◆ What you need to do
Could you give the listing again exactly, without its pictures?

◆ Records to use
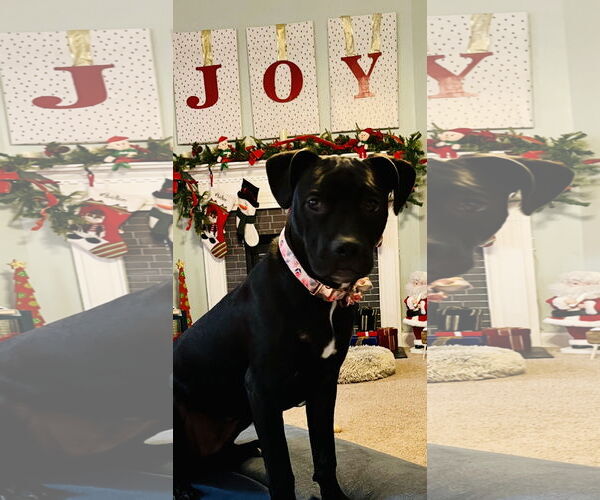 Medium Photo #10 American Staffordshire Terrier-Labrador Retriever Mix Puppy For Sale in Holly Springs, NC, USA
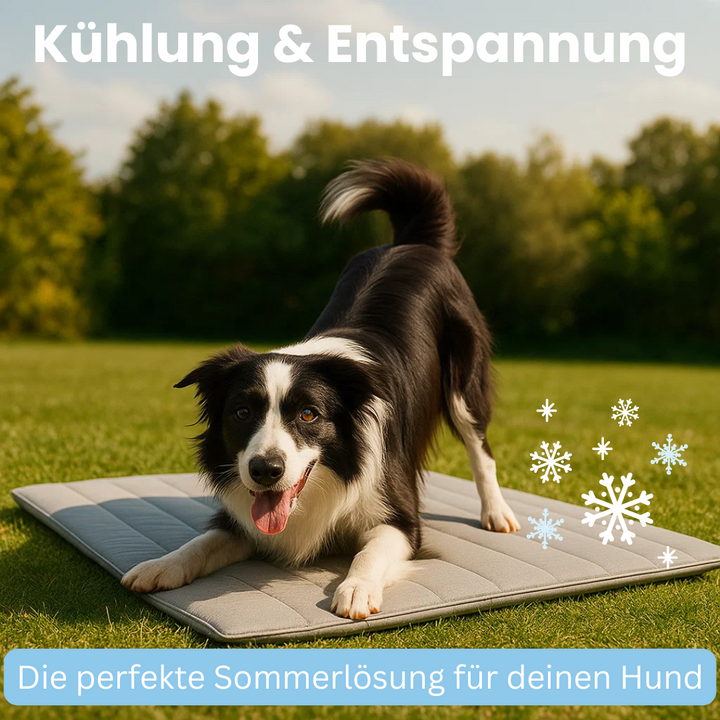 Praktische CoolBalance Kühlmatte für Hunde, ideal für Zuhause, Auto und Reise.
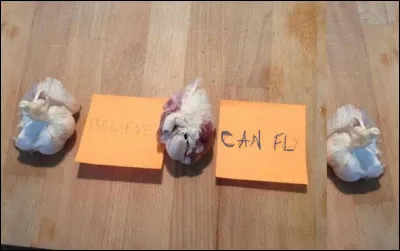 Et comme aurait dit Charlebois "Si j'avais les ailes d'un ange..."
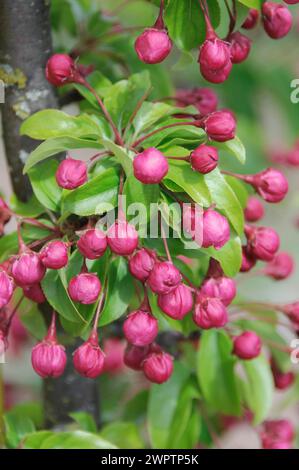 Zierapfel (Malus „Van Eseltine“), Bayerisches Staatliches Forschungszentrum für Weinbau und Gartenbau, Veitshoechheim, Bayern, Deutschland Stockfoto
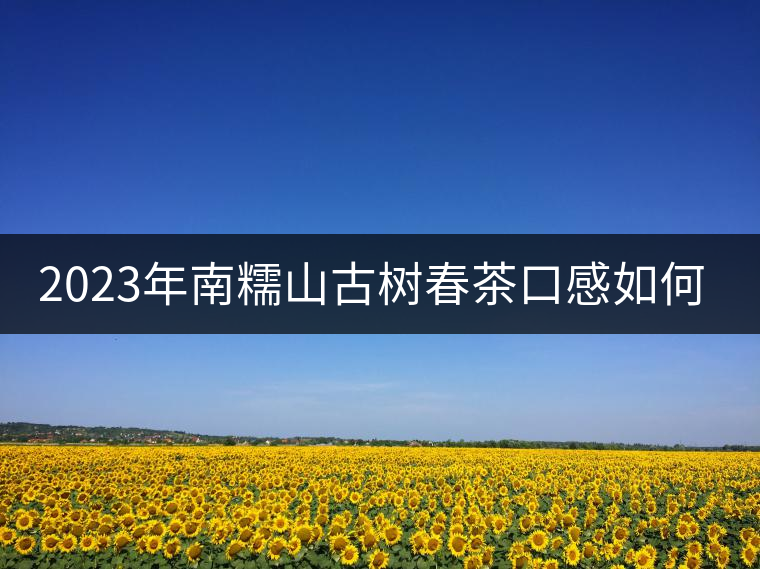 2023年南糯山古樹春茶口感如何？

◆ Solution to this task
 Medium Photo #10 American Staffordshire Terrier-Labrador Retriever Mix Puppy For Sale in Holly Springs, NC, USA
 Praktische CoolBalance Kühlmatte für Hunde, ideal für Zuhause, Auto und Reise.
 Et comme aurait dit Charlebois "Si j'avais les ailes d'un ange..."
 Zierapfel (Malus „Van Eseltine“), Bayerisches Staatliches Forschungszentrum für Weinbau und Gartenbau, Veitshoechheim, Bayern, Deutschland Stockfoto
 2023年南糯山古樹春茶口感如何？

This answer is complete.